● EXCERPTED DATA:
§ §

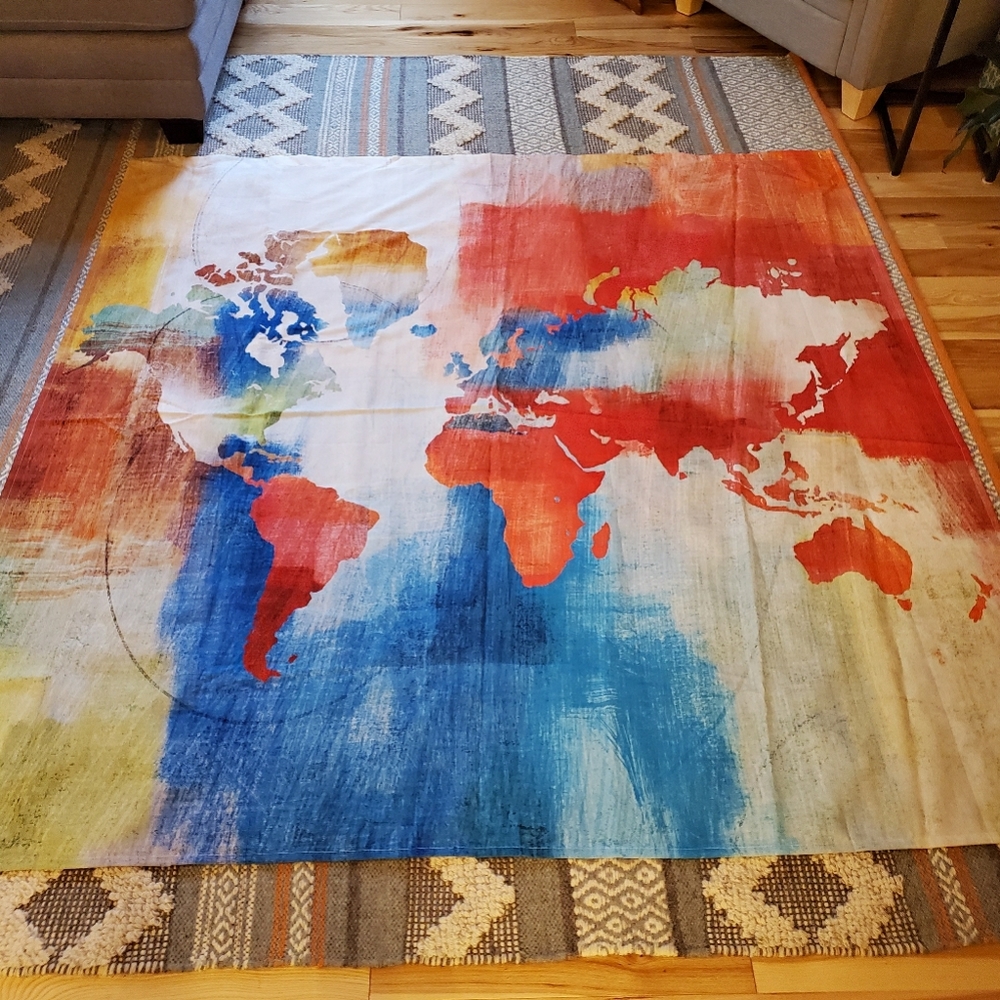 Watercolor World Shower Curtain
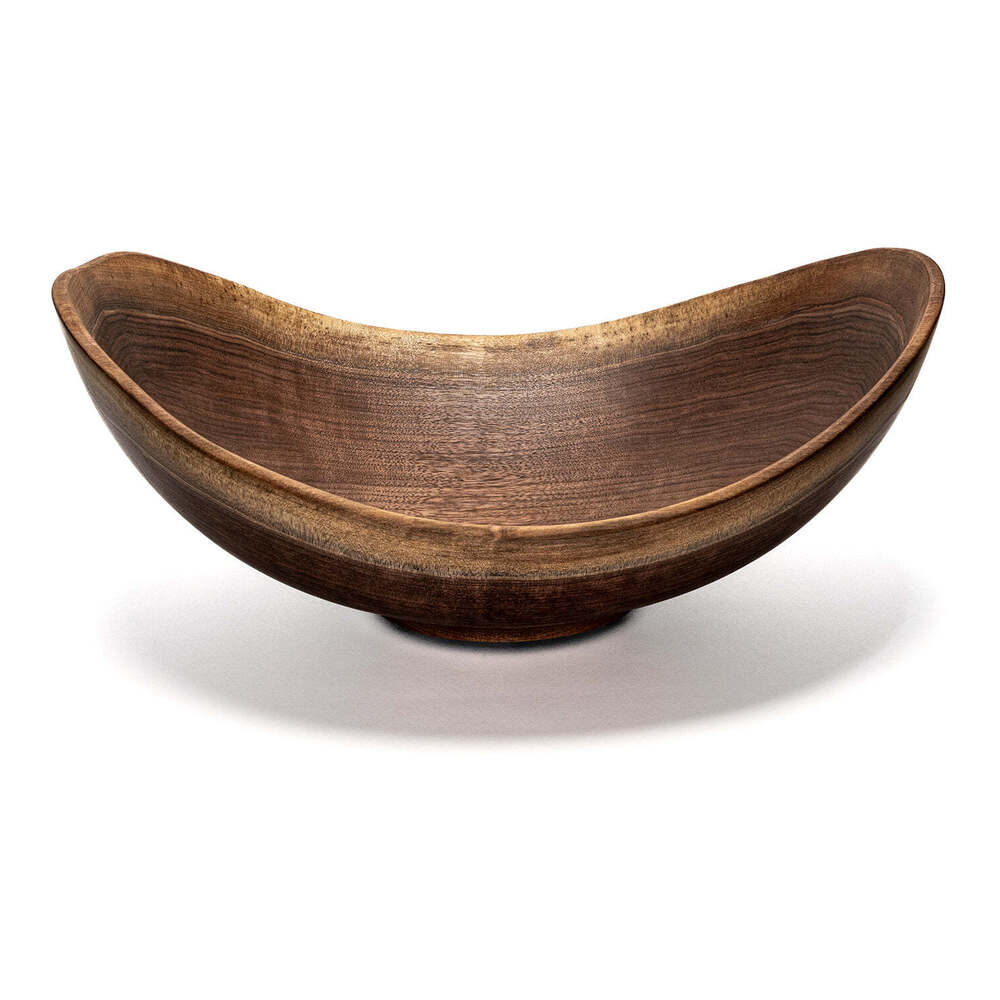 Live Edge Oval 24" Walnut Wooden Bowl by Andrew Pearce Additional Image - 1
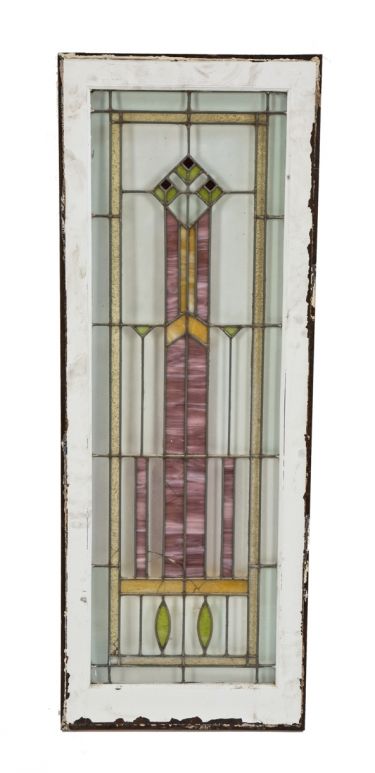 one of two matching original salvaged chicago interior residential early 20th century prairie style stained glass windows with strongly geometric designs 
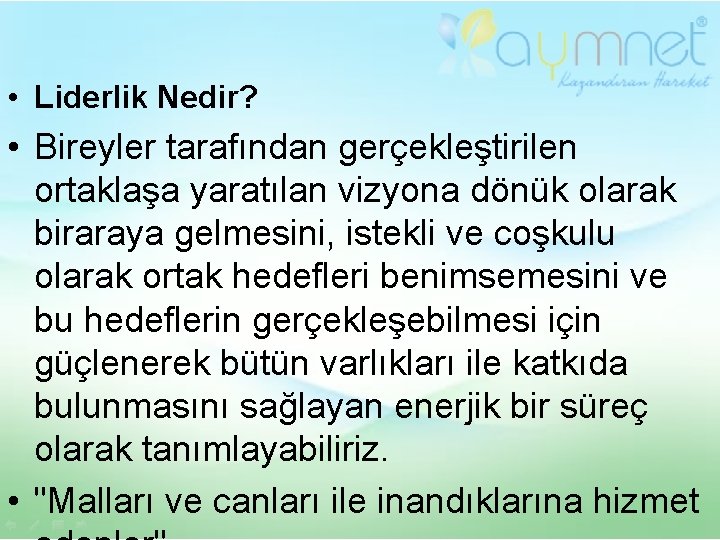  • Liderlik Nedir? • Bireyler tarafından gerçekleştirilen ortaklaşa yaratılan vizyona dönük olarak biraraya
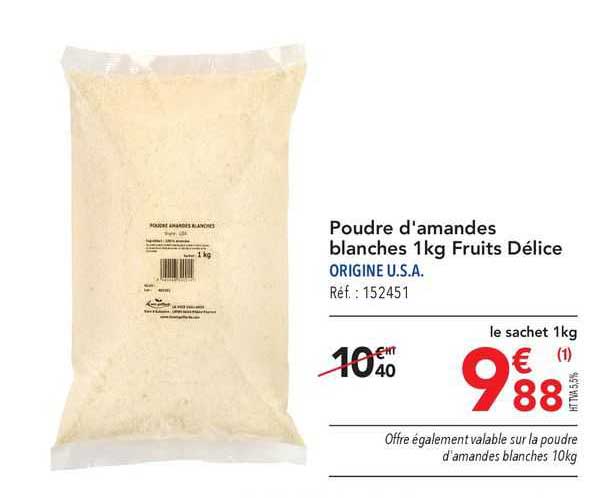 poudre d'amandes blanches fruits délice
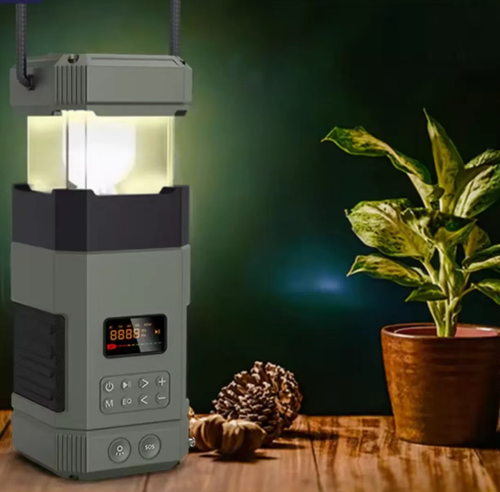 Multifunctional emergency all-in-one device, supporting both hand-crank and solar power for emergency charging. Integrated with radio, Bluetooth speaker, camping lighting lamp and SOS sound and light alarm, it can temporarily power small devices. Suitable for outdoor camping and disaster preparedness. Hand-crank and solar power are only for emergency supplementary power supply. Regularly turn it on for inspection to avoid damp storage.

§ §

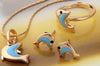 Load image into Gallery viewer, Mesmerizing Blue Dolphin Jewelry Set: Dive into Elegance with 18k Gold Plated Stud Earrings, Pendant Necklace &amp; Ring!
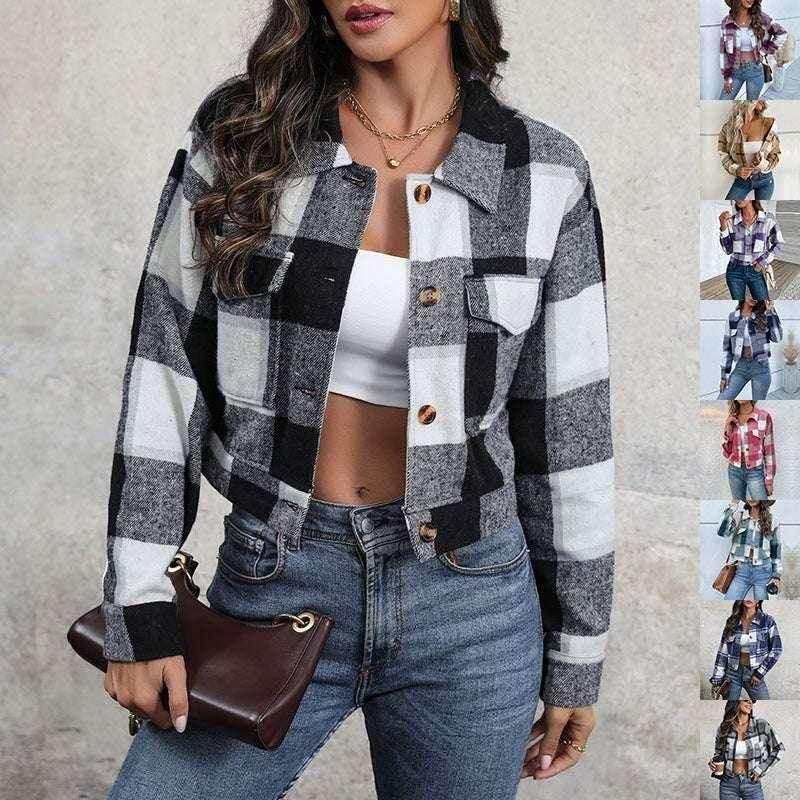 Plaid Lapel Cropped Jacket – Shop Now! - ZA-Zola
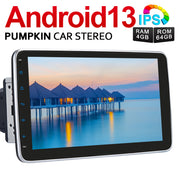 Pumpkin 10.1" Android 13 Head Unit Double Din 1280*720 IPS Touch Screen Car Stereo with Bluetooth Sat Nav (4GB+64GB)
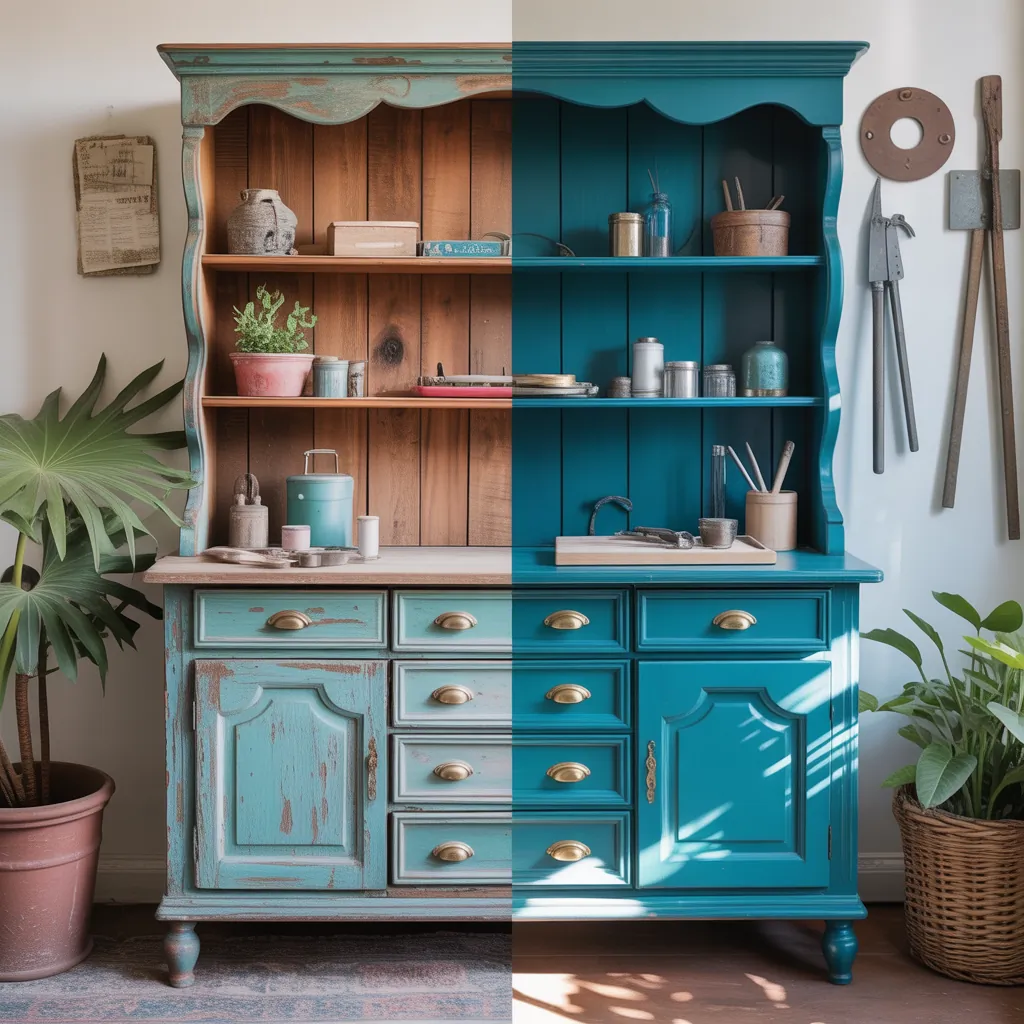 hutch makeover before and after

§ §

● EXERCISE:
Taking the material above, give again exactly the lines from the one holding "Watercolor World Shower Curtain" through the one holding "Multifunctional emergency all-in-one", with both ends and without pictures.

● RESULT:
 Watercolor World Shower Curtain
 Live Edge Oval 24" Walnut Wooden Bowl by Andrew Pearce Additional Image - 1
 one of two matching original salvaged chicago interior residential early 20th century prairie style stained glass windows with strongly geometric designs 
  • Liderlik Nedir? • Bireyler tarafından gerçekleştirilen ortaklaşa yaratılan vizyona dönük olarak biraraya
 poudre d'amandes blanches fruits délice
 Multifunctional emergency all-in-one device, supporting both hand-crank and solar power for emergency charging. Integrated with radio, Bluetooth speaker, camping lighting lamp and SOS sound and light alarm, it can temporarily power small devices. Suitable for outdoor camping and disaster preparedness. Hand-crank and solar power are only for emergency supplementary power supply. Regularly turn it on for inspection to avoid damp storage.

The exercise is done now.